Europa Clipper: Nasa wants you to send your name on a mission to Jupiter

message in a bottle in space with "Your name here" written on itImage source, NASA

How would you like to see your name written in the stars?

Well, Nasa is asking people to send in their names so they can be blasted off on a space mission, deep into our galaxy.

The US space agency's 'Message in a Bottle' campaign wants to give people the chance to have their name stencilled onto a microchip which will ride on the Europa Clipper spacecraft, past Mars, and all the way to Jupiter and its moon, Europa.

So far, about 700,000 names have been submitted and the deadline is New Years Eve, 31 December 2023.

Image source, NASA
Image caption,

The Europa Clipper mission is aiming to see if Europa could have life under its surface

Scientists and technicians working in the Microdevices Laboratory at NASA's in California are planning to gather all the names that have been sent in.

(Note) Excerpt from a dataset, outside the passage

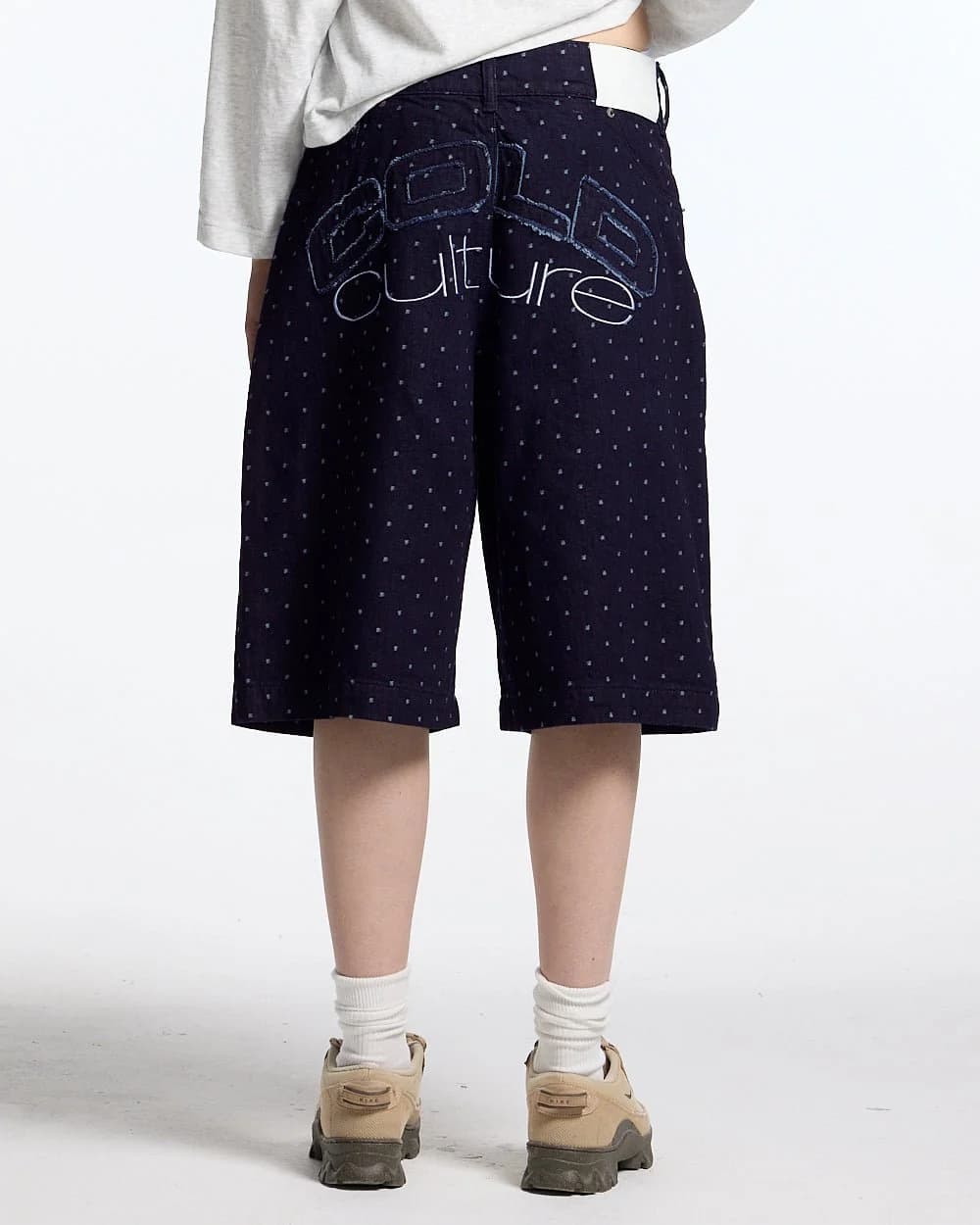 DOT CLUB SHORTS BLACK by COLD CULTURE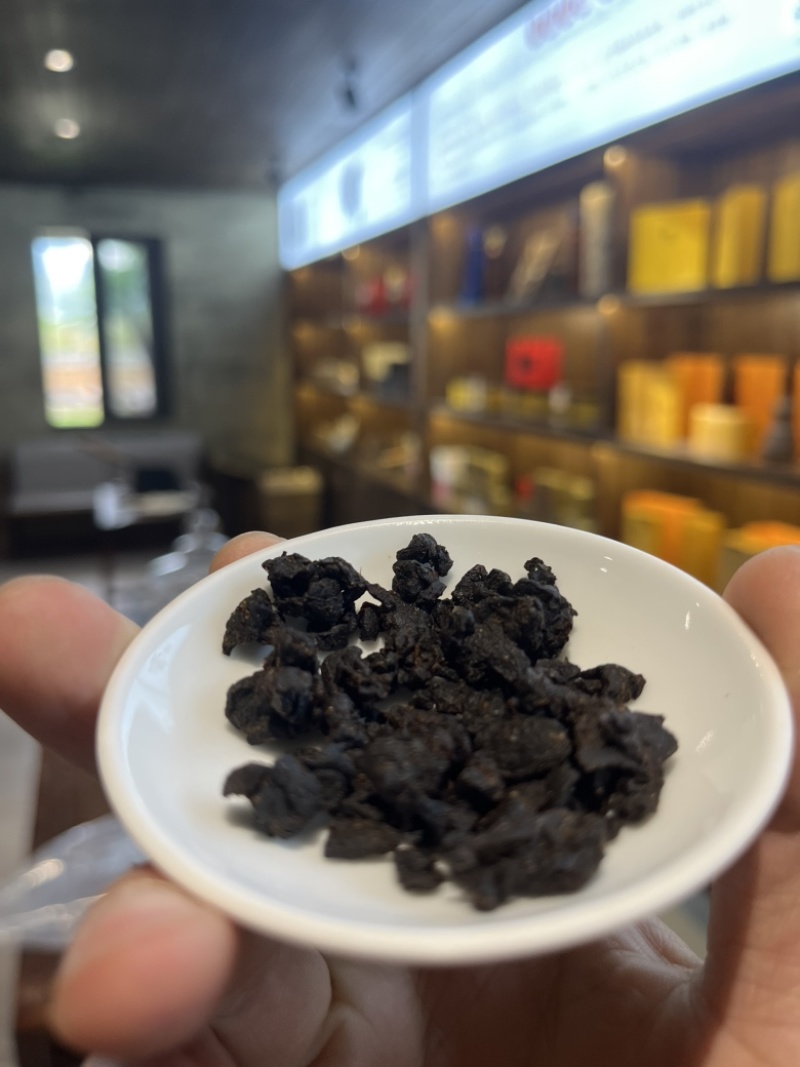 闽北武夷山脉黄精茶，九蒸九晒黄精茶。纯正黄精古法工艺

Then they will use a electron beam to engrave them onto a tiny microchip smaller than a 5 pence coin.

Each line of text will be smaller than 1/1000th the width of a human hair (75 nanometres).

Image source, Getty Images
Image caption,

Nasa scientists are still building the Europa Clipper ship

The names and the microchip will then ride on the outside of the spacecraft as it travels 1.8 billion miles (2.6 billion kilometres) to the icy moon, Europa, which experts believe has an ocean under its frozen crust.

The scientific goal of the Europa Clipper mission is to find out if there are places below the surface that could support life.

It aims to work out the thickness of the moon's icy shell and investigate what it is made of.

Image source, Getty Images
Image caption,

You can just about see Europa in the centre-right of this image - Jupiter is A LOT bigger!

The detailed exploration of Europa will help scientists understand the potential for habitable worlds beyond our planet.

The spacecraft will make about 50 close flybys of the moon, and will fly half a billion miles (800 million kilometres) as it gathers info on Europa's subsurface ocean, icy crust, and atmosphere to determine if the moon could have lifeforms on it.